---- Material supplied

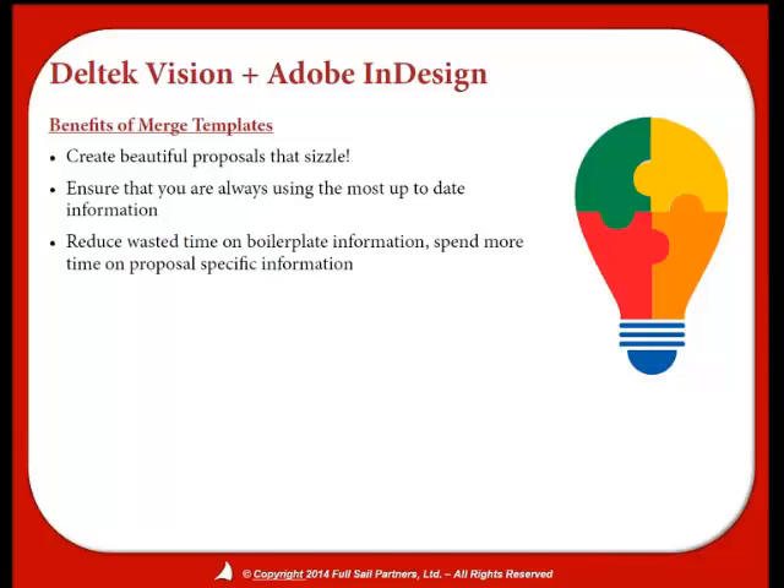So what are the benefits of setting up merged templates in Adobe InDesign? You can create beautiful proposals with sizzle and ensure you always have the most up-to-date, accurate information. Every time you do a proposal, you copy a lot of the same information and things change here or there. The more you copy, you're not really sure what changed. When you get stuff set up in merged templates, you're keeping all of your information in one spot and you're able to easily export it out into Adobe InDesign.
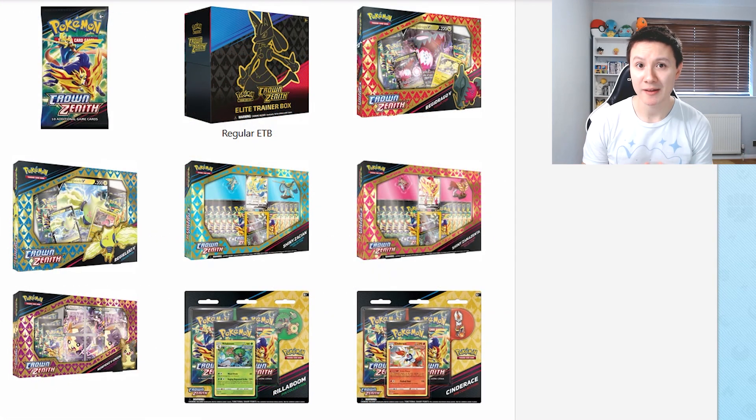That is all of the Pokemon card products that have been revealed so far for this year. In my opinion, the Elite Trainer Box Plus and the Zacian and Zamazenta Collection Boxes are the two products you want to keep your eye on for Crown Zenith. All of the other products are really cool and you might have a different opinion, so if you want to pick up one of the other products go ahead. I hope this video has been helpful in showing you all the different products coming out over the next few months so you can plan ahead.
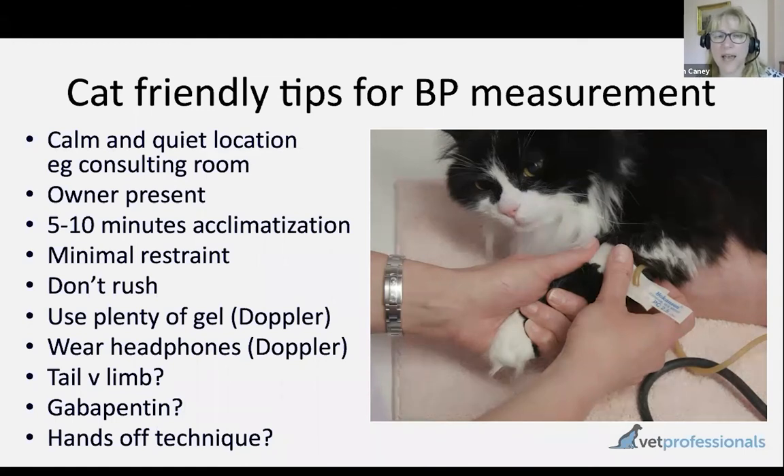For cats that don't like being handled, the hands-off technique is one rationale for using a high-definition oscillometric machine rather than a Doppler — though Doppler tends to be my preference. If you have a cat you truly cannot handle, but you can get a cuff around the tail while it sits in the basket and get measurements that way, that can be helpful. However, for cats that are that difficult to handle, I would go down the gabapentin route first.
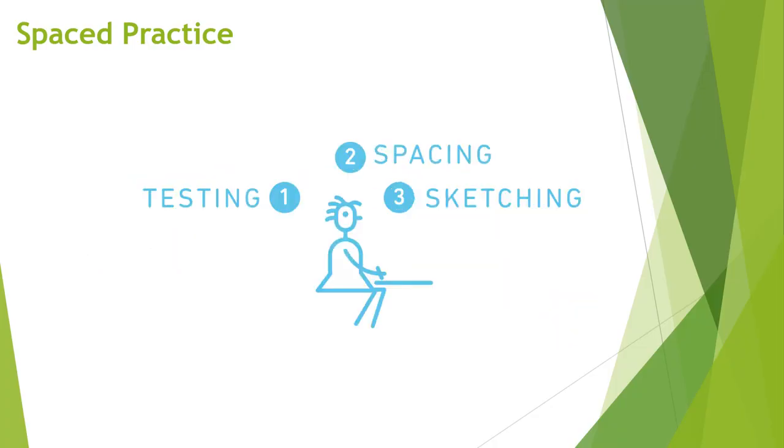And importantly, when you engage in these study or revision sessions, you shouldn't just reread your notes. Instead, you should engage in other beneficial strategies like testing or sketching, and we have other videos that talk about those strategies.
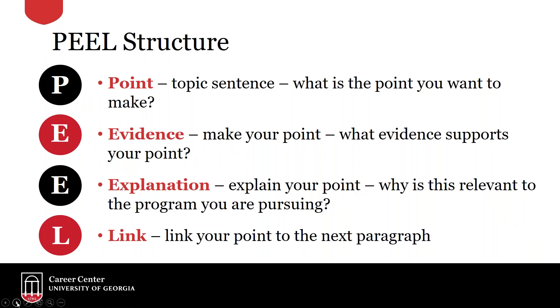PEEL is a great format to follow — you may recognize it from high school English classes. You start with the Point — what is the topic sentence and what do you want the reader to take away? Then give Evidence and Explanation backing up that point and showing why it's relevant to the College of Engineering. Finally, include a transitional Link sentence that connects what you just discussed to the next paragraph and point you want to make. This is a great structure to follow whether you're in the testing center or writing your draft beforehand.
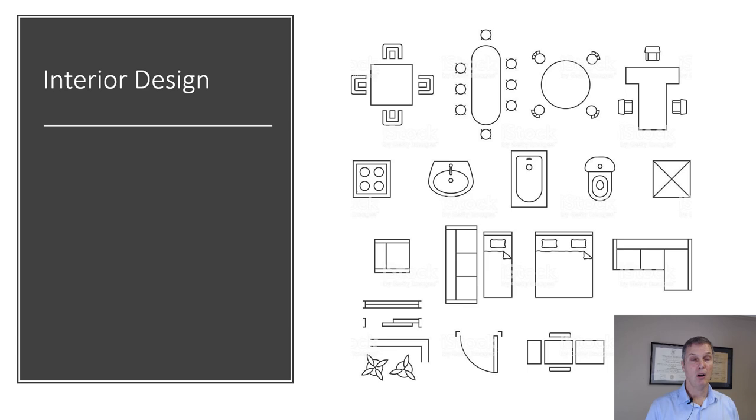We've really been working hard on all the elements and the layout and the things that go into interior design. But why is interior design important? We want to pull all these elements together and really make the facility one that's memorable.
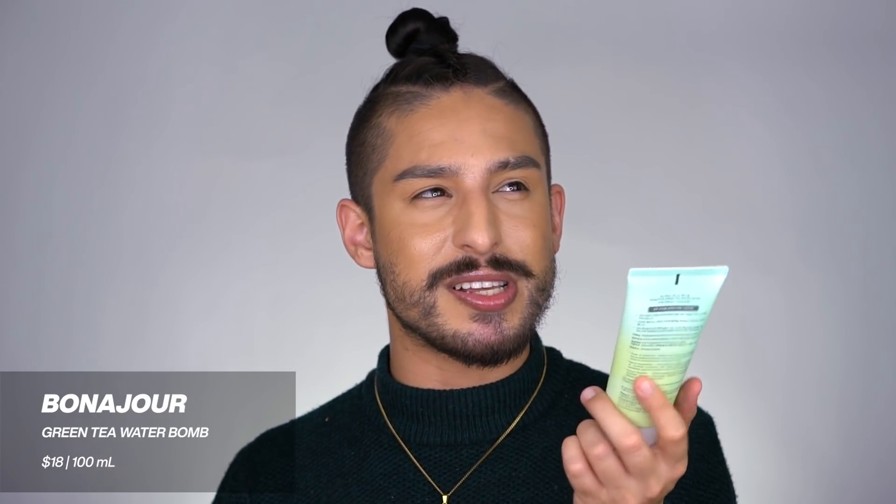Next, I have the Bonajour Green Tea Water Bomb. I mentioned this in February's K-Beauty video. The reason I'm mentioning it again is that with my routine being very straight to the point right now, I keep coming back to it as a very good, straight-to-the-point moisturizer that leaves your skin nicely nourished, very lightweight, with a great appearance. Here we are a month later and I'm still actively using it pretty much twice a day. Great texture, really affordable. Love this.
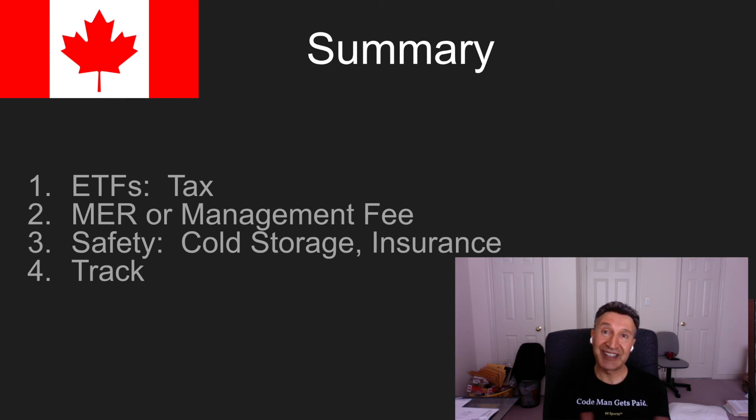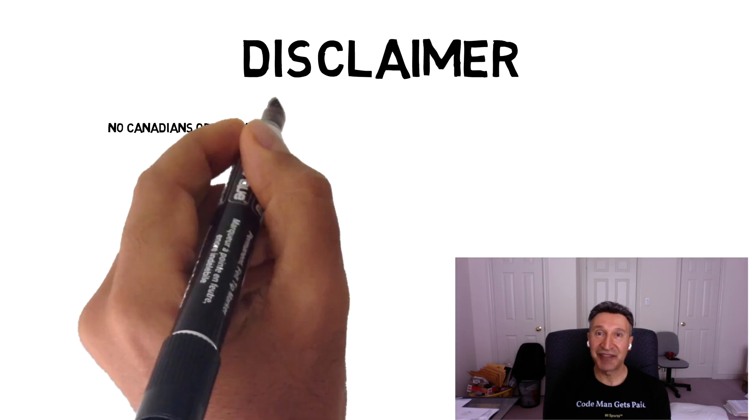I hope this gives you an idea of what is available. All of these ETF companies — the three we looked at — also offer a Bitcoin ETF. Link to that video up above. This is Hangman, saying see you in the next video.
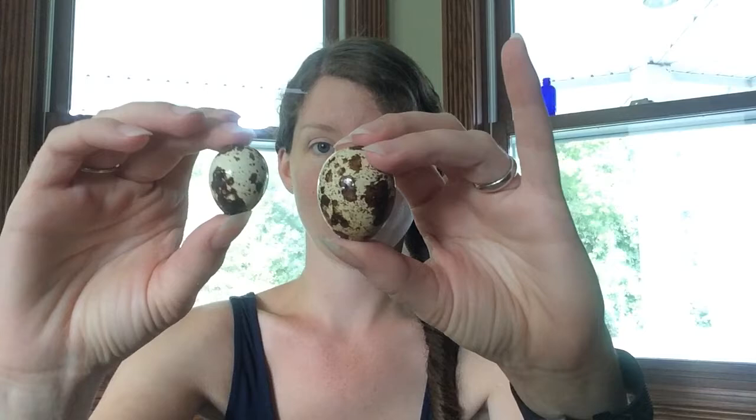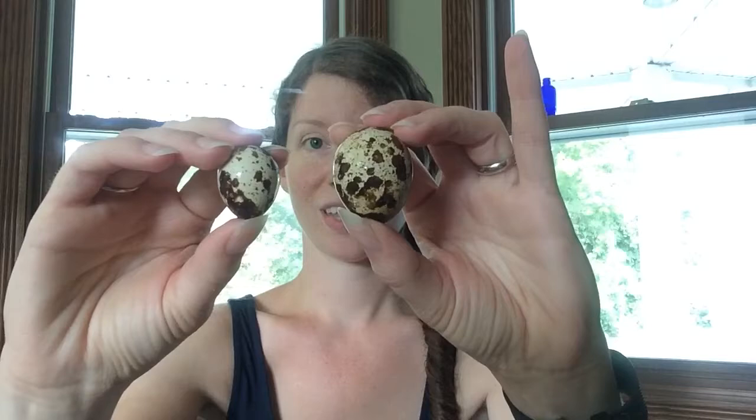And the other day, she laid a Whopper. This is one from just the other day, and this is her largest one yet. So this is kind of the average of what my normal girls lay, and this was hers.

--------

Your task ▸ Every line between the start of the listing and the line containing "That is all", both ends counted, needs to be printed exactly, minus the pictures.

Solution below ▸
So what are the benefits of setting up merged templates in Adobe InDesign? You can create beautiful proposals with sizzle and ensure you always have the most up-to-date, accurate information. Every time you do a proposal, you copy a lot of the same information and things change here or there. The more you copy, you're not really sure what changed. When you get stuff set up in merged templates, you're keeping all of your information in one spot and you're able to easily export it out into Adobe InDesign.
That is all of the Pokemon card products that have been revealed so far for this year. In my opinion, the Elite Trainer Box Plus and the Zacian and Zamazenta Collection Boxes are the two products you want to keep your eye on for Crown Zenith. All of the other products are really cool and you might have a different opinion, so if you want to pick up one of the other products go ahead. I hope this video has been helpful in showing you all the different products coming out over the next few months so you can plan ahead.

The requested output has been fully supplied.